### Exercise aim
Find the line with "Jourdan Bijoux Bracelet Kael JH110068B" in the data below. Repeat it and every line after it up to the end, exactly, but drop the pictures.

::::::::::

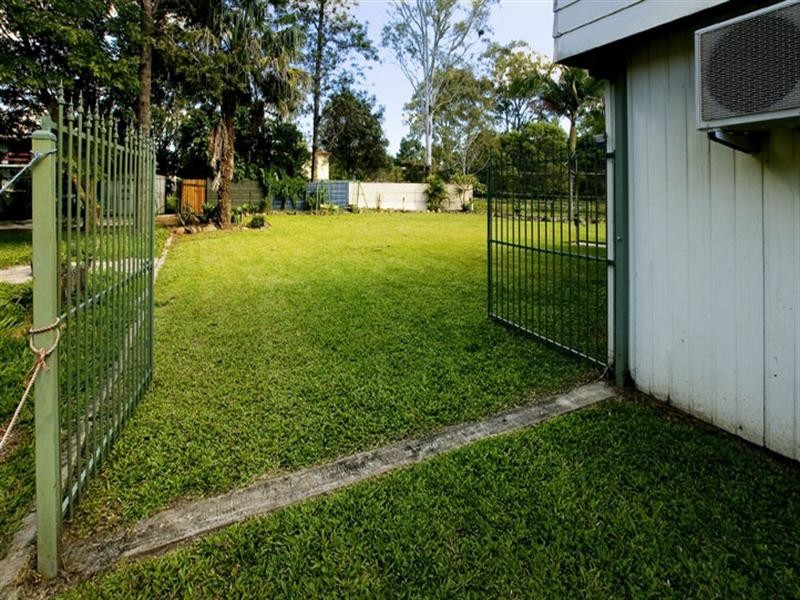 12 Dale Street, Burpengary QLD 4505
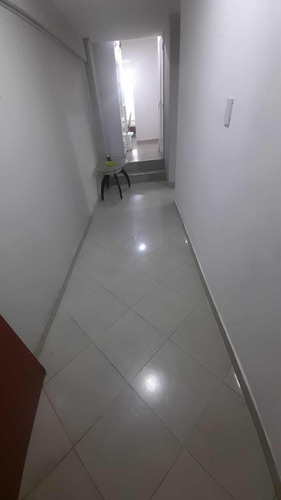 Apartamento De Oportunidad Andres Bello Rm2127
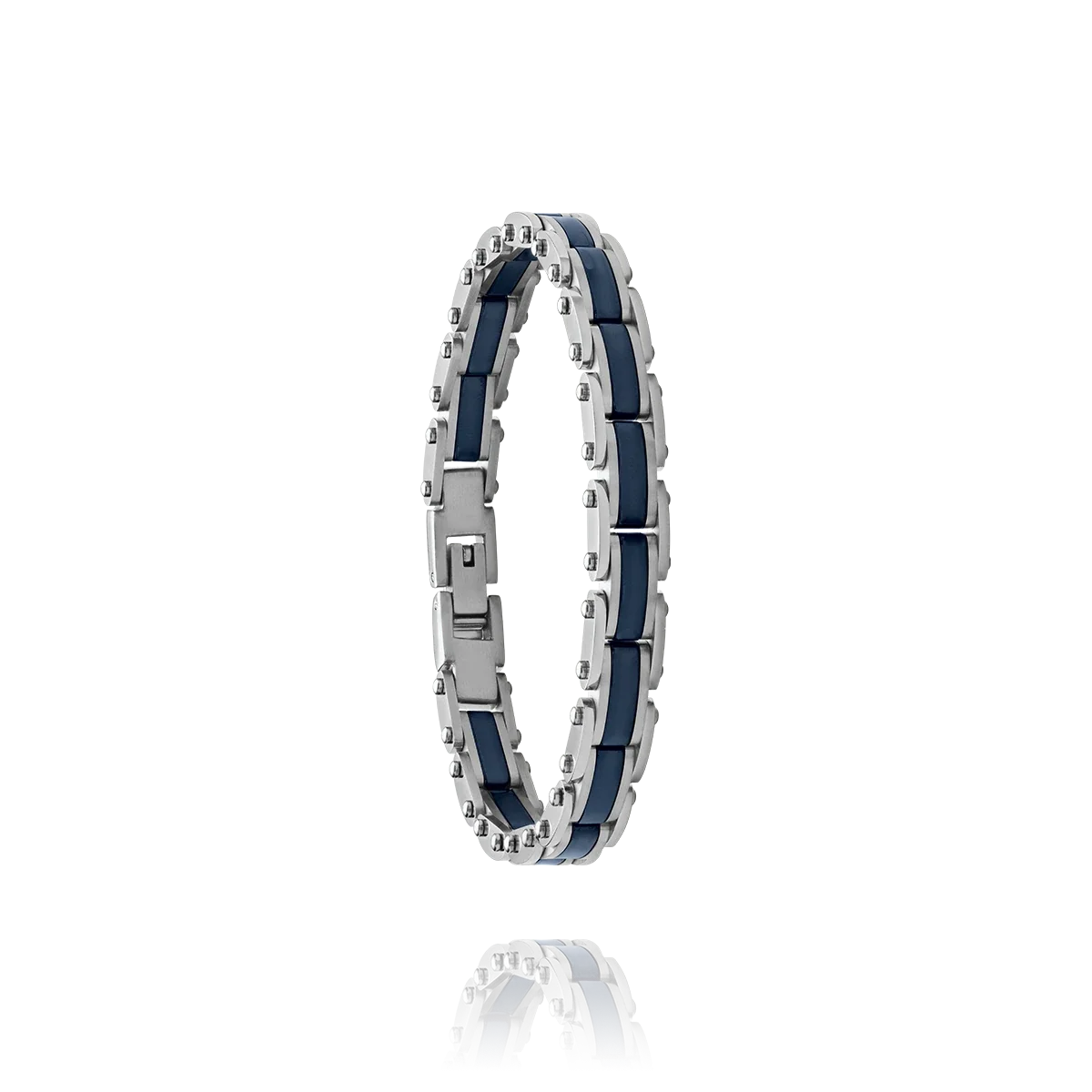 Jourdan Bijoux Bracelet Kael JH110068B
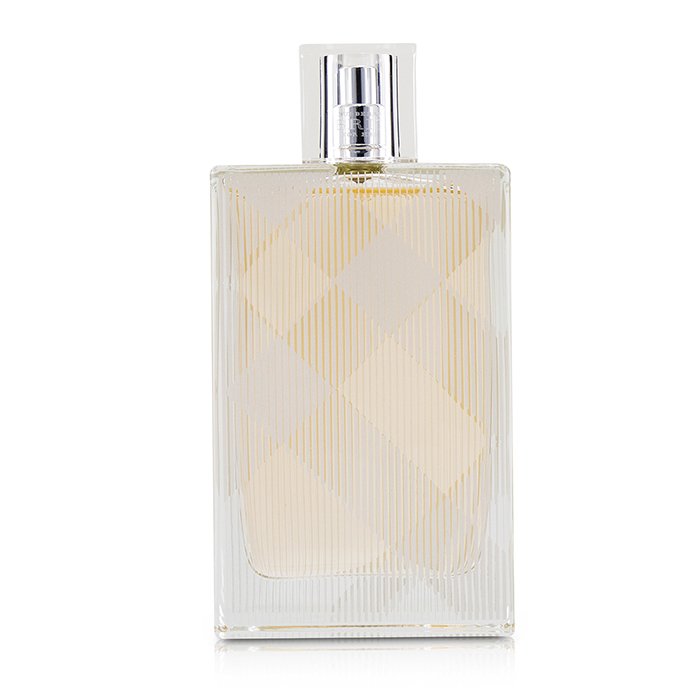 Brit Eau De Toilette Spray - 100ml/3.4oz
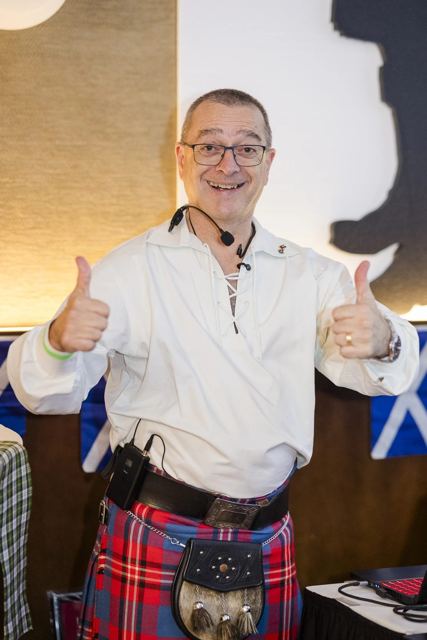May Ceilidh 2025 — photo 194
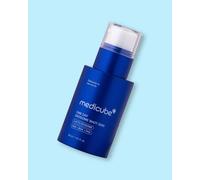 Medicube One Day Exosome Shot 2000 – 30 ml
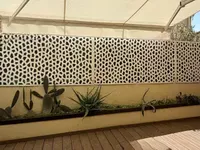 Недвижимость Villa Petit Juas: 11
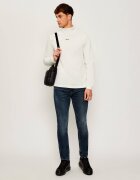 Hugo Maletă Daporollo | regular fit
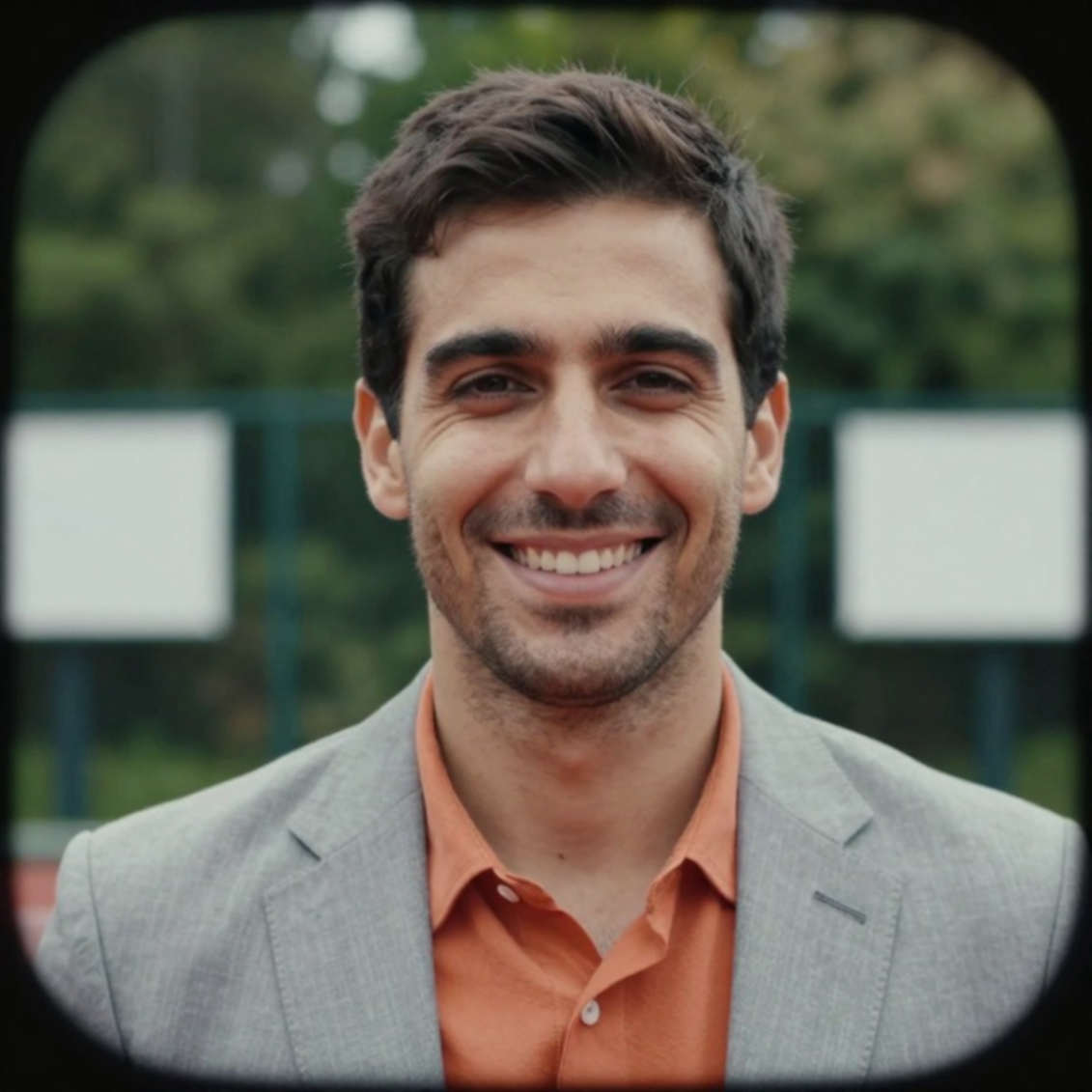 Before the First Serve at Braintree: When a Title Prediction Is Written in Reputation, Not in Data Before the First Serve at Braintree: When a Title Prediction Is Written in Reputation, Not in Data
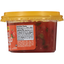 Salsa Pico de Gallo Gourmet Garden Fresh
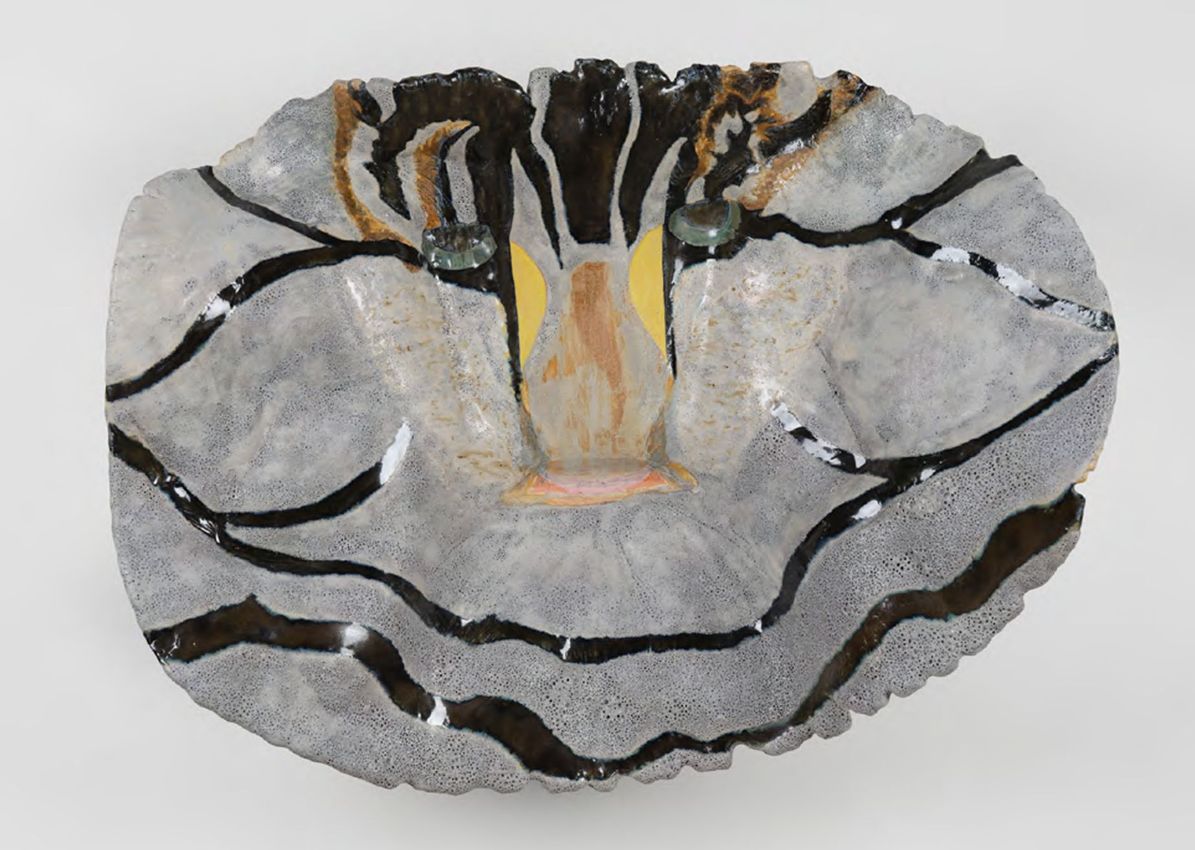 Liz Larner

::::::::::

### Exercise output
 Jourdan Bijoux Bracelet Kael JH110068B
 Brit Eau De Toilette Spray - 100ml/3.4oz
May Ceilidh 2025 — photo 194
 Medicube One Day Exosome Shot 2000 – 30 ml
 Недвижимость Villa Petit Juas: 11
 Hugo Maletă Daporollo | regular fit
 Before the First Serve at Braintree: When a Title Prediction Is Written in Reputation, Not in Data Before the First Serve at Braintree: When a Title Prediction Is Written in Reputation, Not in Data
 Salsa Pico de Gallo Gourmet Garden Fresh
 Liz Larner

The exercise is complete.